Actress and disability campaigner Melissa Johns makes her Coronation Street debut tonight playing Imogen, a love interest for Kate Connor. As fans will see, Imogen quickly gets passionate with Kate during a girls’ night out, earning the consternation of Rana in the process.
Here, Johns discusses life at Corrie, the visibility of actors with disabilities on TV and how she herself has come to love life with one arm.
Do you think soaps lead the way when it comes to depicting people with disabilities?
I do. And Coronation Street is really winning with this at the moment. It already has Cherylee Houston [Izzy] and Liam Bairstow [Alex] and now me. And there is a responsibility there – with soaps, you’re in people’s living rooms almost every night of the week, so it’s an amazing platform to make a social change. We still have huge barriers in society because people can be incredibly awkward around disability. And the more we se it on our screen, the more positive effect it has on society as a whole.
Could the 9.00pm dramas do more?
Every time I watch a drama, I do get a bad feeling in my stomach. Because often, I’ll be left asking myself: why couldn’t there have been a disabled actor in that? We’re fighting for the same opportunities as our non-disabled peers. So I think the question programme-makers need to be asking themselves isn’t ‘why should I cast an actor with a disability?’. It should be: ‘why shouldn’t I?’ And this should be across the board: casting directors, producers, but also storyliners and researchers. If everybody just opened their minds a little bit more, I think we would have a huge change.
Was this part created specifically for you?
No, not at all. I get annoyed with the idea of ‘disabled parts’, I just don’t understand it. A part can be played by someone with a disability. But if we’re waiting for these ‘disabled parts’ to come up, then that’s where a lot of our problems lie. I know that my agent put up lots of other actors in her agency for this role, but Coronation Street came back with a straight offer for me, which was just incredible.
So did you relish the chance to play a character like Imogen?
Yes, because I’ve always wanted to show the fun side to my disability. And Imogen is sexy, flirty, feisty and has attitude. Not every disabled person is going to be the same, but I’ve always joked about it. There’s no point crying – the tears aren’t going to fall on my arm and make it grow. And too often, when someone with a disability gets cast in something, very rarely do they have a personality as well. Usually, it’s a case of ‘having a disability is enough. God forbid there should be something else on top!’. Here, I get to show that I’m at ease with the body I was given. It hasn’t always been that way – I’ve had some really dark moments in my life. It took me a while to feel comfortable with my body. But I now love having one arm.
What reaction have you had from the cast?
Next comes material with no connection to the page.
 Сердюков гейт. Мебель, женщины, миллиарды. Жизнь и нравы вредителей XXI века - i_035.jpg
Working on Coronation Street was something I’d imagined for so long, so to be there was amazing. The first person I met was Connor McIntyre [Phelan] and he’s been an absolute rock for me. One thing that a couple of the cast members have said to me is that I’ve really opened their eyes to something they hadn’t thought about before. So that was a lovely compliment. They’re like a real family – for instance, one day, Samia Longchambon [Maria] got straight down onto her knees to help me with a buckle on a shoe I had trouble fastening. She just did it without hesitation. So people are just very accepting and lovely – and that really helped.
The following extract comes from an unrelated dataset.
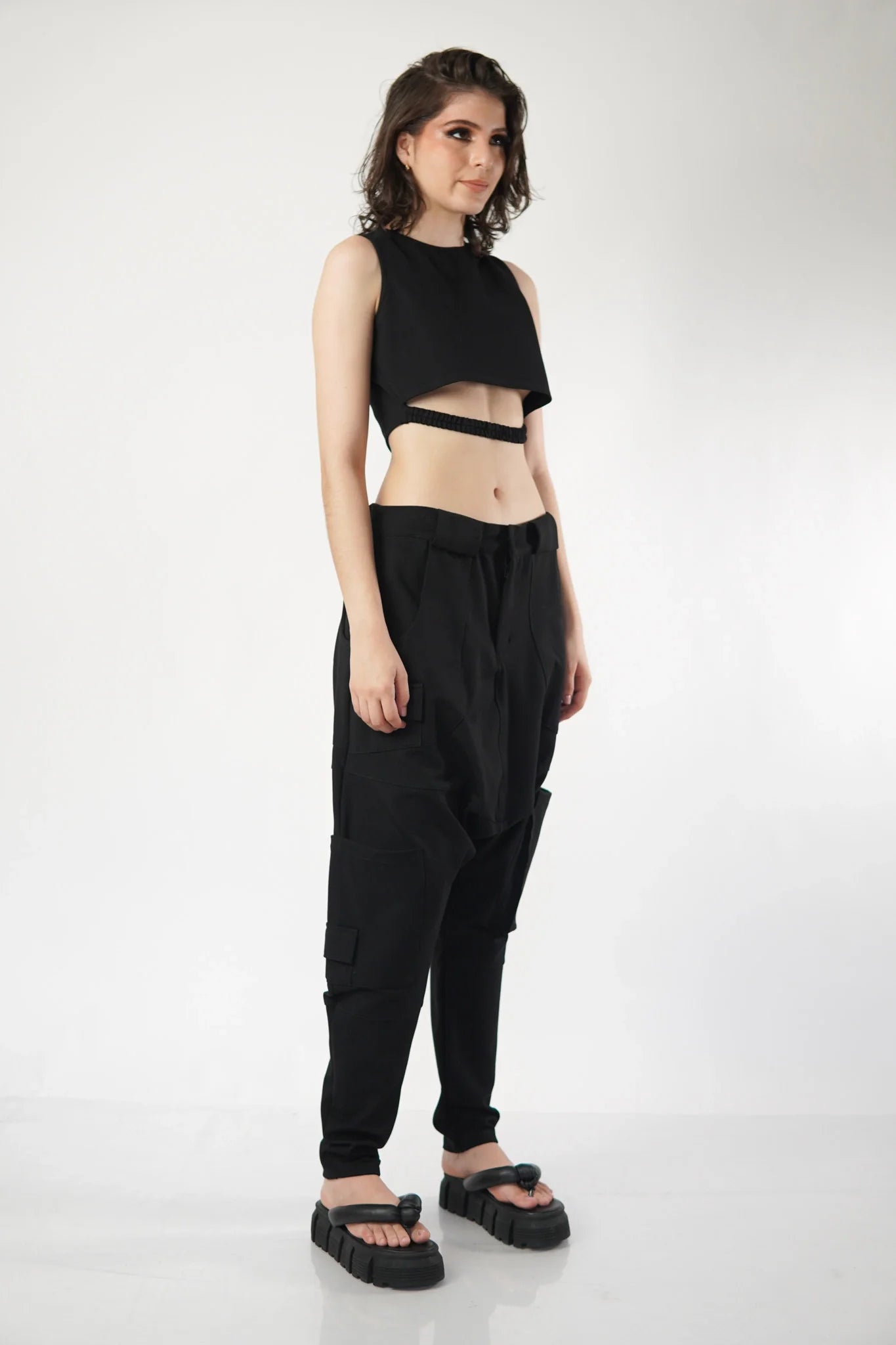 SARIN CROPTOP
Tell me about your first scenes…
Imogen is in the Bistro enjoying a few drinks and that’s where she meets Kate. And as you’ll see, it’s a flirty, lustful relationship between Kate and Imogen. I do end up having to do the walk of shame wearing the same clothes as the night before. But, you know, as a person with a disability, you’re asked the most ridiculous questions, such as ‘do people with disabilities have sex?’ So, playing Imogen, it’s amazing to show this very normal side to having a different body shape.
How did you react when you were asked whether people with disabilities have sex?
The first time it was said to me, I was completely shocked. Because what they mean by the question is: who on earth would want to be with someone with a disability? They’re not talking about science. What they’re saying is: aren’t people put off?
As if you must be living some kind of half life?
Absolutely. And the amount of times I’ve had people telling me that they feel sorry for me. I just say, ‘don’t feel sorry for me – I have a lovely life. I’m so grateful for the life that I have. Never feel sorry for me because I’m doing OK.